First, in all those contexts that required the kind of high skills attainable only through long periods of training or study, the principle of merit was applied. Artists, engineers, scholars, and scientists all rose, by and large, according to their merit, and the top positions they acquired in their field of expertise were generally defended successfully against those less qualified or less competent. Some members of this high-skills elite were also able to acquire high social status and accumulate large fortunes. Beyond this, advancement by merit was common in some highly specialized sectors of the economy, particularly in large-scale and long-distance trade and finance. However, it is also true that in such high-stakes sectors, a strong dynastic or “familistic” component was invariably present; a family business served to address legitimate concerns (for example, the difficulty of establishing trust between business partners in a context of limited, difficult, and costly access to information) but nevertheless ran contrary to the ideal of allowing the best, whoever they might be, to rise within the firm.
Second, the church offered lowborn individuals the opportunity to climb the social ladder: Although, as is well known, many appointments to top ecclesiastical offices went to members of the nobility or very affluent families, the fact remains that the church, as an institution, was much more open to the principle of advancement by merit than was the army, where men rising from the ranks were rare and officer status, with the opportunities for personal enrichment that it entailed, was almost an exclusive preserve of the nobility (Poussou 2004).
Finally, advancement by merit was also practiced in liberal professions and state administration. Importantly, the latter, with bureaucracies that expanded rapidly throughout the early modern period, were always hungry for relatively rare skills (particularly those that the educational system of the time struggled to produce because of its structural constraints). This pattern held true in some of the most “absolute” monarchies. Somewhat paradoxically, in some respects, it might have been easier for the political elite to acquire tight control over lucrative administrative offices in a republican setting, compared to a monarchic one—even though it was always the case that the latter reserved many of the top offices for nobles. This situation appears less paradoxical if we remember that, in the context of an early modern European monarchy arising from the medieval feudal system, a substantial split divided the group that controlled political resources (the nobility) and the group that controlled an increasing share of overall economic resources (the bourgeoisie). In line with arguments made by the great German sociologist Max Weber ([1956] 1978), I would argue that this split tended to act as a brake on the concentration of all resources in the same hands. But in an early modern patrician republic arising from a medieval merchant republic, there was no such constraint on the ability of the ruling elite to control all kinds of resources (political, economic, relational). It is in a republican context, then, and not in a monarchic one, that inequality could rise to the highest levels, and meritocracy, in the end, fall to its lowest—a sobering thought and one that invites reflections on what the historical experience of preindustrial Europe has to teach us about the current situation.

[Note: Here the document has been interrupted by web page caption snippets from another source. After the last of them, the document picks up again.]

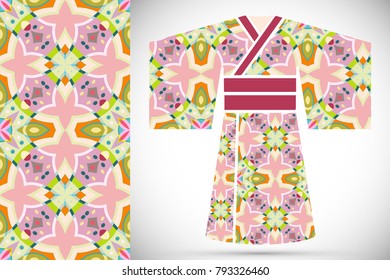 Fashion art collection, colorful illustration. Stylized Japanese kimono ethnic clothes and decorative seamless pattern for textile fabric, paper print, invitation or business card design. Isolated ele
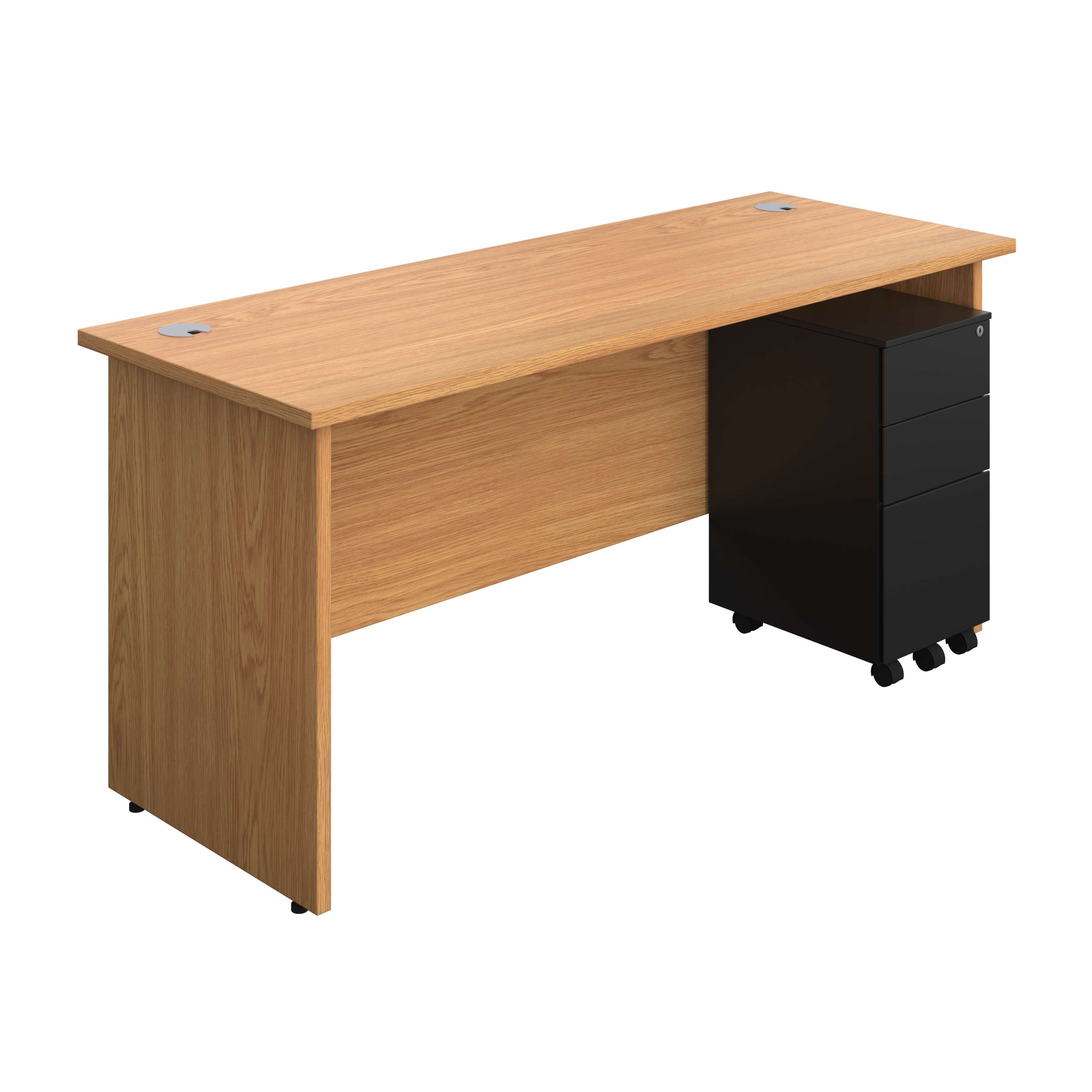 Panel Rectangular Desk + 3 Drawer Slimline Steel Pedestal Bundle (FSC) 800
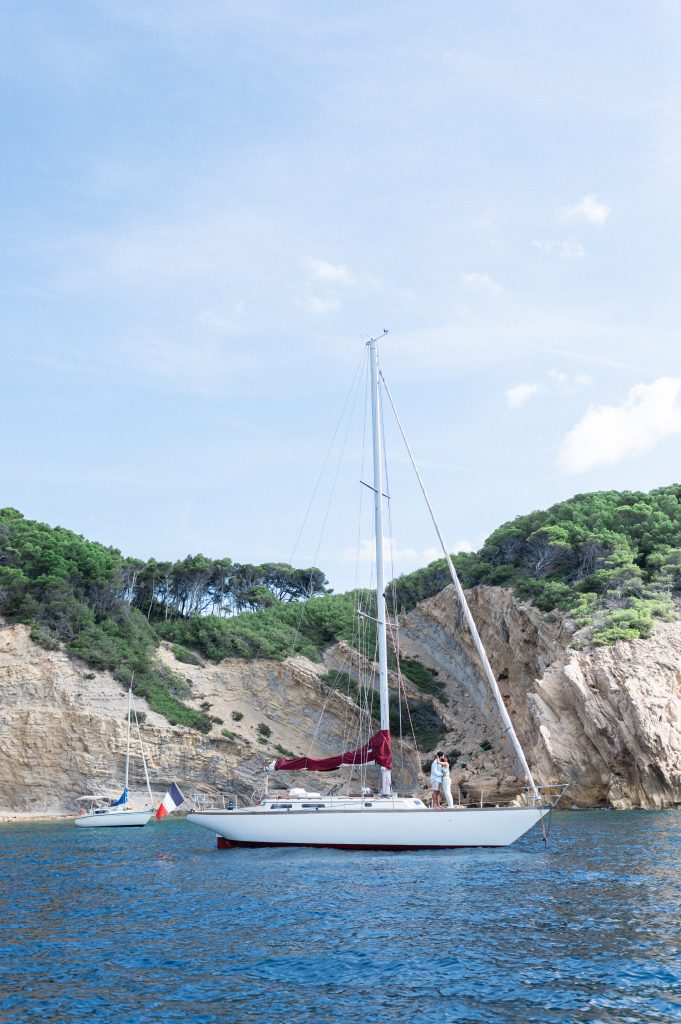 Celebrating on a private boat during their proposal in saint cyr sur mer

Concluding Remarks: Warnings from the Past
The Age of Revolution, which began in the late eighteenth century, permanently transformed the way in which Western societies understand political legitimacy, linking it to the principle of popular sovereignty. 9 The disdain with which the French revolutionary armies, led by Napoleon, rejected not only the claim of neutrality of the Republic of Venice, but also its claim of being a sister polity of the new French Republic, is telling. And the French revolutionaries were entirely right in this matter as, by the time Napoleon finally put an end to its long history, Venice had become an oligarchy in the hands of the superrich, beginning with the doge at that time, Lodovico Manin, the richest of all Venetians. (His election, in 1789, had made many old-blood patricians frown, as they considered him a parvenu, given that his forebears had only bought their place in the Maggior Consiglio in 1651 [Alfani 2023, 264–265].)
Despite the deep transformations that have affected Western societies and their political systems since the medieval and early modern era, our brief overview of how the idea of merit was conceptualized and practiced (or not) in the past seems to resonate with many present-day concerns. A clear trait d’union can be found in the apparent incompatibility between high levels of economic inequality and meritocracy. In recent times, this point has been made particularly clear by Thomas Piketty (2014, 34), who argues that, as inherited wealth dominates total wealth, the result is a situation of extremely high concentration of capital, up to “levels potentially incompatible with the meritocratic values and principles of social justice fundamental to modern democratic societies.” But many centuries before Piketty, medieval philosophers like Oresme and Renaissance political theorists like Patrizi had already made that point. As argued by Oresme, building upon Aristotle, the presence of superrich individuals within a democratic polity means that some citizens will be among the others as gods are among men—and that such a polity will simply cease to function as a democracy, even without any change to its formal constitution (see Alfani [2023] for an in-depth discussion of this point). The relevance of this insight for today’s debates about the involution of Western democracies (some more than others, arguably, but all experiencing, to some degree, the growing political influence of the superrich) is so obvious that it seems unnecessary to elucidate it any further.
This said, the idea that wealth inequality is inimical to democracy seems to fit better with preindustrial societies than with current Western societies since the former were, yes, structurally unequal (being divided into various orders, each with different prerogatives), but at the same time highly suspicious of the enrichment of the “bourgeoisie” (the new very wealthy commoners residing in “burghs,” or cities). Especially since the late 1990s, the idea seems to have spread across the West that growing wealth inequalities simply reflect differences in capabilities and are therefore the result of “merit.” But this idea is blatantly at odds with the perception of inequality as inimical to meritocracy, a perception that, as argued above, remains commonplace today. The reason that our societies are able to accept these two contrasting positions at the same time seems to lie in our basic inability, or unwillingness, to look directly at another, related problem that our ancestors had very clearly identified: inheritance.
Medieval and Renaissance thinkers understood wealth inequality as a condition unfavorable to a government of the best because, although merit might explain the emergence of inequalities within a generation, the process of inheritance ensures that wealth inequality survives across generations, independent of individuals’ virtues. But they also went further, identifying inheritance as the mechanism through which wealth inequality within a community could become excessive (so egregious that it corrupts republican institutions, disrupts “democratic” processes of decision-making, and frustrates any hope of upholding truly meritocratic ideals). In the first part of the twentieth century, the prevailing view was that inheritances should be taxed, both to moderate wealth inequality and to ensure a more level playing field for new generations—a view that used to be considered a precondition for individuals to rise according to their merit. Today, after decades of rejecting that view, taxation of inheritance across Western nations has fallen to historically very low levels (OECD 2021, 77–78). In its turn, according to many, that change has fueled further growth in wealth inequality—a general process in which the United States, once the most egalitarian among Western states (Alfani 2023, 48–49), stands out for the sheer extent of the transformation. 10
Medieval and early modern political thinkers had already, and correctly, predicted that the growing prevalence of inherited wealth would lead to higher wealth inequality. They also made another prediction: that growing wealth inequality would tend to transform democratic polities into oligarchic, unmeritocratic republics ruled by the wealthiest. This is precisely what came to pass in early modern Europe, and we can only hope that this prediction, at least, will not stand the test of time.